' Geel Vingerhoedskruid.
Hoogduitsch: Gelber Fingerhut.
Engelsch: Yellow Foxglove.
Bloeit: Juni—Juli. 9J-.
Stelsel van Linnaeus: Cl. XIV. O. II. Didynamia Angiospermia.
Natuurlijk Stelsel : Vasculares Dicotyledoneae. O. Scrophularineae.
Geslachtskenmerken: Zie Deel XI. PI. 868.
Soortelijke kenmerken: Foliis oblongo-lanceolatis, serratis, glabris vel basi subciliatis, infe-
rioribus in petiolum attenuatis, superioribus basi ovata, sessilibus; caule pedunculisque glabris
vel subglandulosis, laciniis eilycis lanceolatis uninerviis, acutis, margine glanduloso-pubescen-
tibus; corolla tubulosa extus subglandulosa, labio superiore acute emarginato lobulis acutis,
laciniis labii inferioris ovatis, lateralibus acutis, intermedia acutiuscula vel obtusa, corolla multo
breviore.
Bladen langwerpig-lancetvormig, getand, glad of aan den voet iets gewimperd; de onderste
tot een steel versmald, de bovenste met hartvormigen voet, zittend, stengel en bloemstelen
glad of iets beklierd; kelkslippen lancetvormig, 1-nervig, spits, met harig beklierden rand;
kroon buisvormig, van buiten een weinig klierig; bovenlip spits, uitgerand met spitse lobben,
slippen van de onderlip eivormig, de zijdelingsche scherp, de middelste aangespitst of stomp,
veel korter dan de bloembuis.
Alle door mij onderzochte gedroogde exemplaren uit ’s Rijks Herbarium hadden klierige
kelken en bloemstelen, terwijl deze deelen bij de meeste auteurs als glad worden beschreven
en hierin een belangrijk kenmerk wordt gevonden ter onderscheiding van deze soort met andere.

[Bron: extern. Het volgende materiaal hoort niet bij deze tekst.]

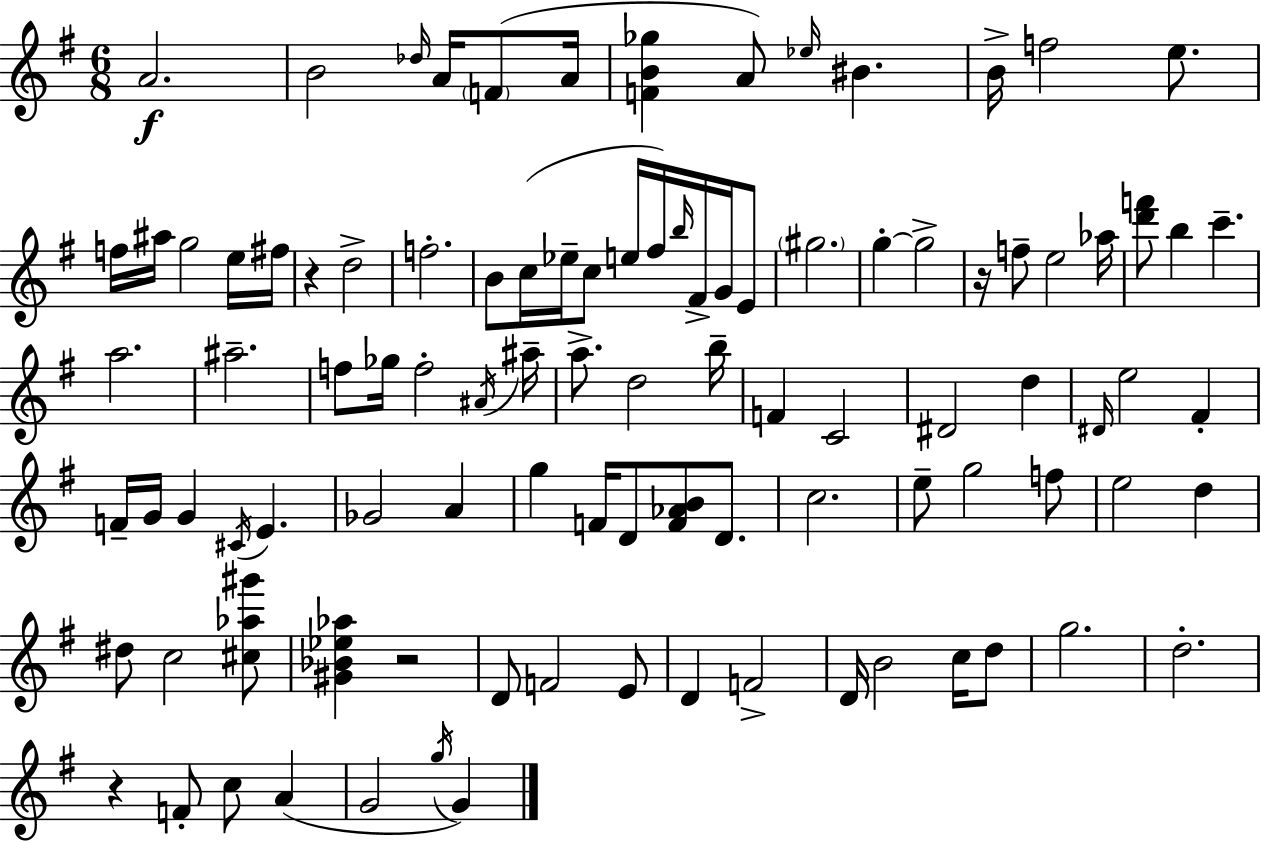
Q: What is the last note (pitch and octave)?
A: G4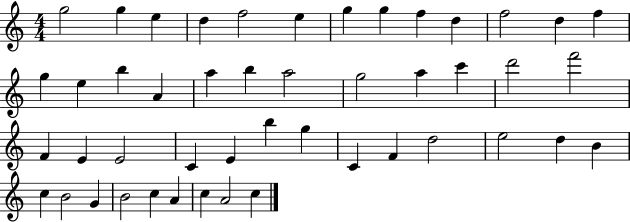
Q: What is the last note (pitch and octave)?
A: C5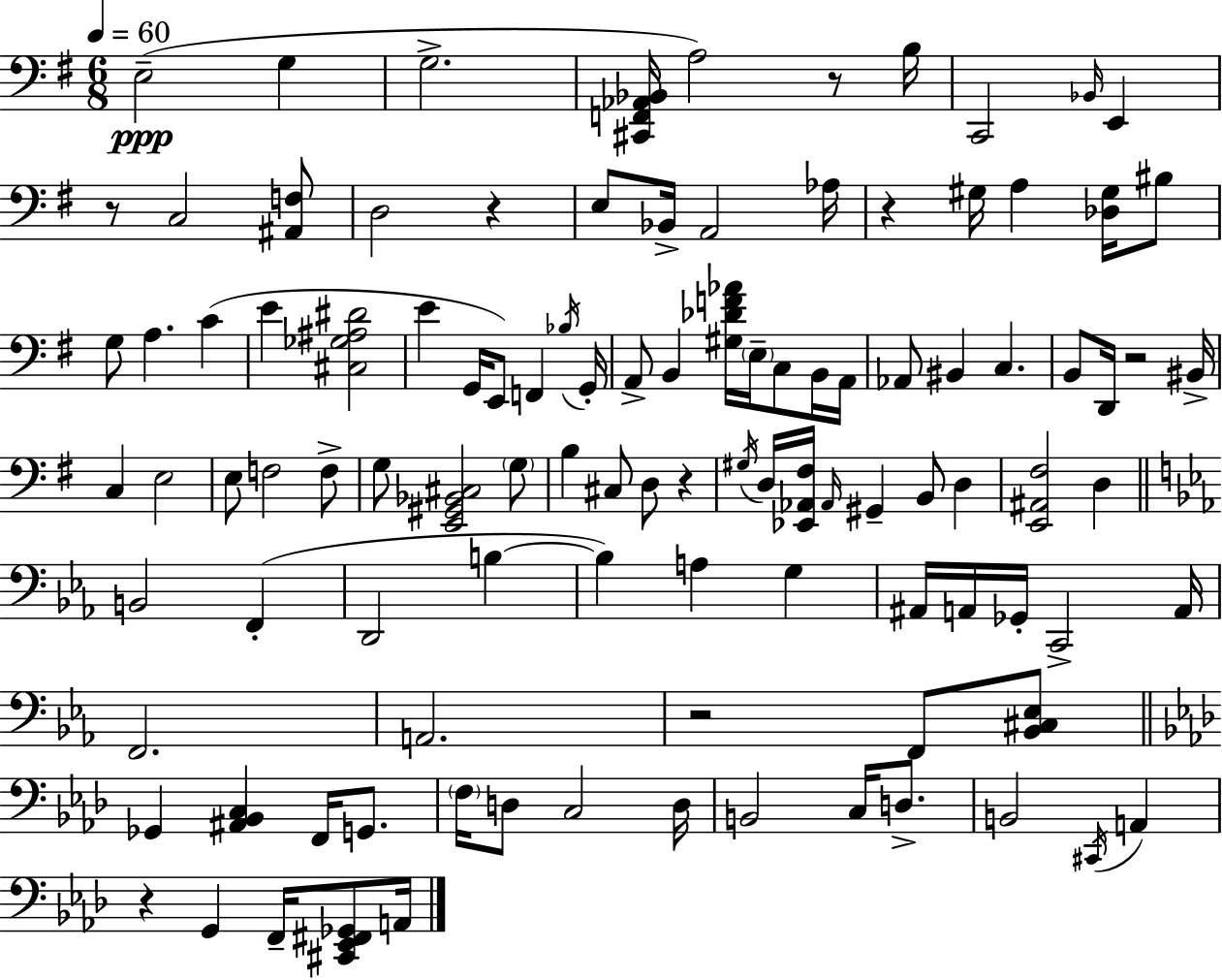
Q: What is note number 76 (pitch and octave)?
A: D3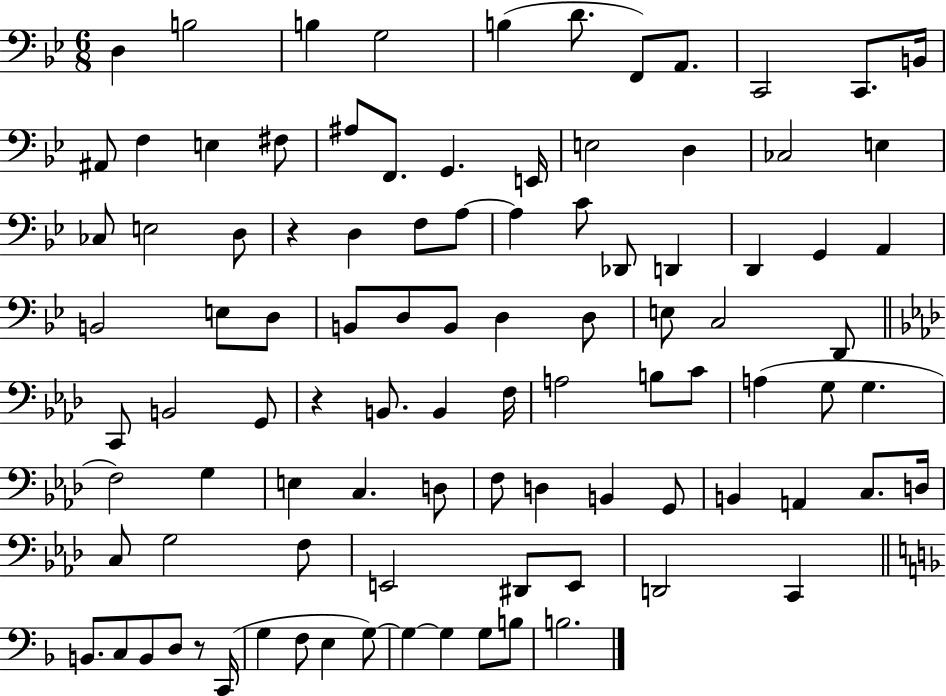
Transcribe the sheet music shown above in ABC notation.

X:1
T:Untitled
M:6/8
L:1/4
K:Bb
D, B,2 B, G,2 B, D/2 F,,/2 A,,/2 C,,2 C,,/2 B,,/4 ^A,,/2 F, E, ^F,/2 ^A,/2 F,,/2 G,, E,,/4 E,2 D, _C,2 E, _C,/2 E,2 D,/2 z D, F,/2 A,/2 A, C/2 _D,,/2 D,, D,, G,, A,, B,,2 E,/2 D,/2 B,,/2 D,/2 B,,/2 D, D,/2 E,/2 C,2 D,,/2 C,,/2 B,,2 G,,/2 z B,,/2 B,, F,/4 A,2 B,/2 C/2 A, G,/2 G, F,2 G, E, C, D,/2 F,/2 D, B,, G,,/2 B,, A,, C,/2 D,/4 C,/2 G,2 F,/2 E,,2 ^D,,/2 E,,/2 D,,2 C,, B,,/2 C,/2 B,,/2 D,/2 z/2 C,,/4 G, F,/2 E, G,/2 G, G, G,/2 B,/2 B,2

Verklaring der afbeelding: a. Bloem van ter zijde. b. Geopende bloemkroon, c. Kelk met
vruchtbeginsel, d. Vruchtbeginsel.
Groeiplaats : Op beschaduwde heuvels en rotsen in Siberië, Zwitserland, Frankrijk en Midden-
Duitschland, Zuid-Tirol en Italië, terwijl zij van uit den Elzas door den Rijn-Pfalz tot Luxemburg
en Luik waargenomen werd.
Nederland: Zij werd in Juli 1899 bij Dieren door den Heer H. Heükels gevonden en ons
welwillend ter afbeelding aangeboden.
V.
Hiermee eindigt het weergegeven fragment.